Who is Justin Fields? And why should college football fans care?

There's a succinct answer as to why the quarterback from Kennesaw, Georgia, is the most important recruit for the 2018 class. It's a bold answer, make no mistake. It required 247Sports director of recruiting Barton Simmons to stick his neck out for an unproven football player. But it was an important answer. 

"Why should people care?" Simmons began. "It's simple. He's going to win a national championship for some team. It's a matter of who's fortunate enough to get him." 

Fields is -- to put it in the simplest yet most meaningful way -- the dude at the position for the upcoming class. 

The race to land the five-star dual-threat is on and it features a handful of college football's blue-blood programs. It's been ramped up since the moment Fields announced he was decommitting from Penn State in early June, though it was technically on before then since verbal pledges are non-binding. 

With the new early signing period and National Signing Day still a good half a year away, there's plenty of time for Fields to make a decision -- or two, if he so chooses. He's already done changed course once, after all. 

In the meantime, the recruiting world will be focused on every Fields official visit, quote, and yes, tweet. With the help of Simmons and fellow 247Sports recruiting insider Steven Wiltfong, here's everything you need to know about the most fascinating college football prospect of the year and the competition to sign him. 

What's his background?

Fields is a five-star prospect, which is the highest possible rating given out by recruiting services. He's considered the No. 1 dual-threat quarterback recruit, the No. 2 player in the state of Georgia, and the No. 3 overall player in the class of 2018, according to the 247Sports Composite rankings. He's listed at 6-foot-3 and 221 pounds but has been recorded running a 4.51 at camps. 

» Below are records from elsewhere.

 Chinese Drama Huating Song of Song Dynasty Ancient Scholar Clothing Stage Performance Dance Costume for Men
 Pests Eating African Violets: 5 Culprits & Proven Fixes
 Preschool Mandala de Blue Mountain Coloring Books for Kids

Last year was his first season as a full-time starter at Harrison High School. During that campaign, he accumulated nearly 4,000 yards of offense and 38 touchdowns. Before that, he sat behind Lorenzo Nunez, who originally committed to South Carolina before transferring to Southeastern Louisiana. 

So why am I just hearing about him now?

"He was a late bloomer," Wiltfong said. "He had to wait his turn in high school behind Nunez. He had an offense that changed with him under center. He had a good junior season but schools were locked in with other quarterbacks elsewhere." 

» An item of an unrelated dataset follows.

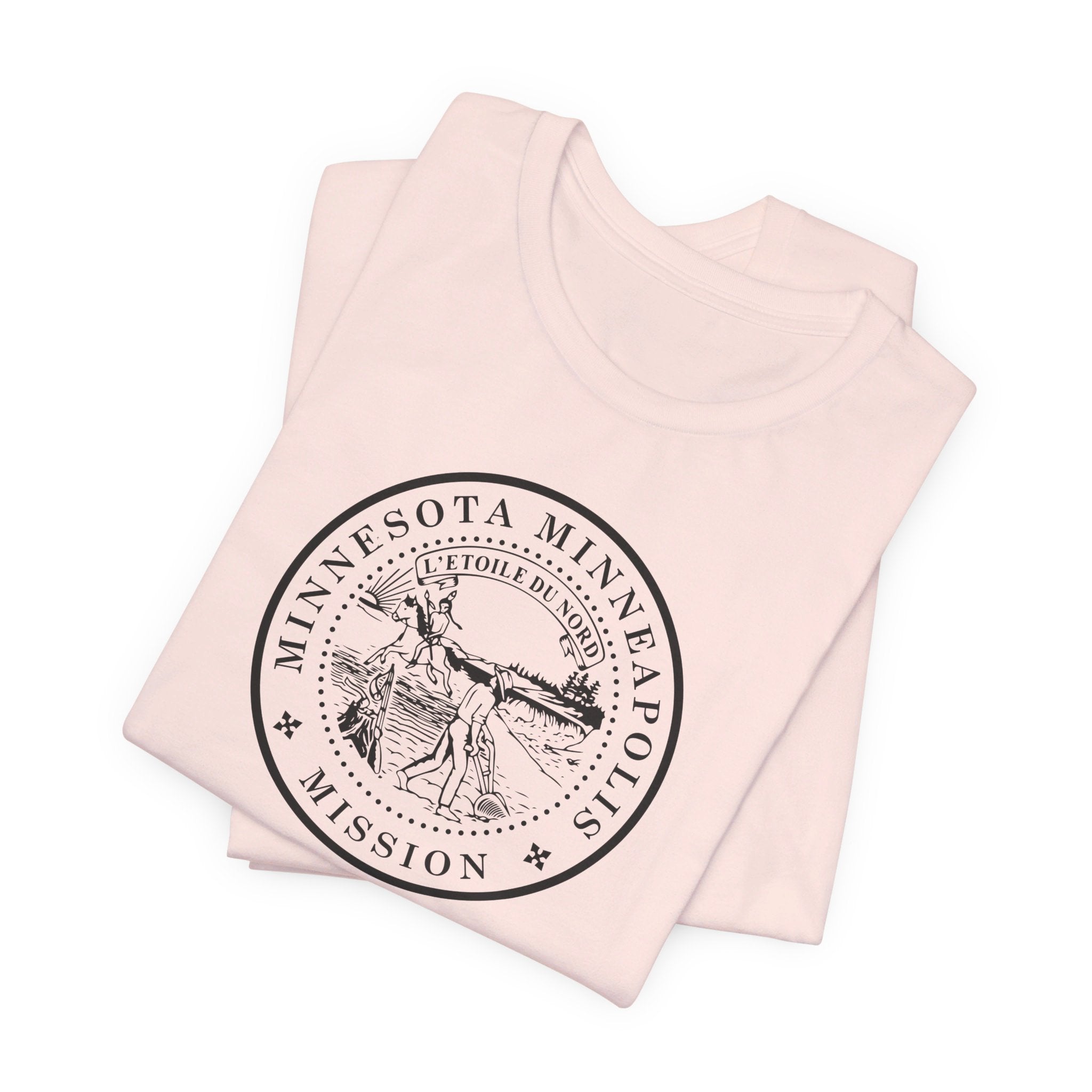Minnesota Minneapolis Mission Circular Monochrome Logo T-Shirt - Mission Wishlist - LDS Missionary Gift Store
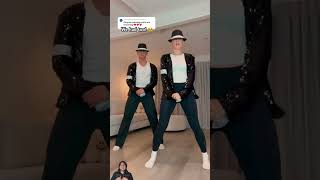 BEHIND THE SCENE Jasminandjames dance michaeljackson shorts [upl. by Vish715]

Recruiting is an inexact science. Even with a skill set like Fields', someone who doesn't start until their junior or senior season can end up behind the recruiting 8-ball. Three-star players can add one or two stars quickly once the word gets out about them. "Penn State, Tennessee and Northwestern were ahead of the curve in recruiting him," Wiltfong said. Fields committed to Penn State in December of last year before decommitting in June. By then, more college coaches had a chance to review his film and his camp appearances were generating a ton of buzz. 

"This offseason with the Elite 11, The Opening, these 7-on-7s ...  they matter. He threw at Florida State's camp. He's been making the rounds. Every time people see him, he's terrific and he keeps getting better."

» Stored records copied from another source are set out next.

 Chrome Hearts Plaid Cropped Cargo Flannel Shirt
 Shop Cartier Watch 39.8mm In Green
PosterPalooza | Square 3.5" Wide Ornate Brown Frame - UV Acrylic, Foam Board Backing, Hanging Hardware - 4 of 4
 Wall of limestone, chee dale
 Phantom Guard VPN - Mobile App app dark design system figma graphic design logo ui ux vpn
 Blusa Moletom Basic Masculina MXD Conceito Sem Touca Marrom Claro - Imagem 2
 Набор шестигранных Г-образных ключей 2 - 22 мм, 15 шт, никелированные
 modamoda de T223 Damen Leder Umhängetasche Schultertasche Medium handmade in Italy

Once more programs knew about Fields, his decommitment from Penn State felt like a matter of time. 

"When a kid is from the state of Georgia, in the heart of SEC country, and he's an early commitment to a place -- even as high profile as Penn State -- to go out of state seamlessly like that ... you knew Penn State was going to be in for a battle," Simmons said. "Everyone else in the country had their target. Keeping him was just too steep a hill for Penn State to climb." 

What's all the hype about?

His junior film tape alone is excellent. Whenever a player accumulates in the neighborhood of 4,000 yards and 40 touchdowns, it's a big accomplishment. But his tape is only part of the story, and it's the less impressive part, if you can believe it. And for Simmons and Wiltfong, seeing was believing. 

"As we've gotten to know him through 7-on-7s and camps, as we've gotten more acquainted with his body of his work, his stock has risen at every single event he's gone to. He's continued to assert himself into the national conversation with every event. It was just a product of getting a comfort level of who this kid is as a player," said Simmons.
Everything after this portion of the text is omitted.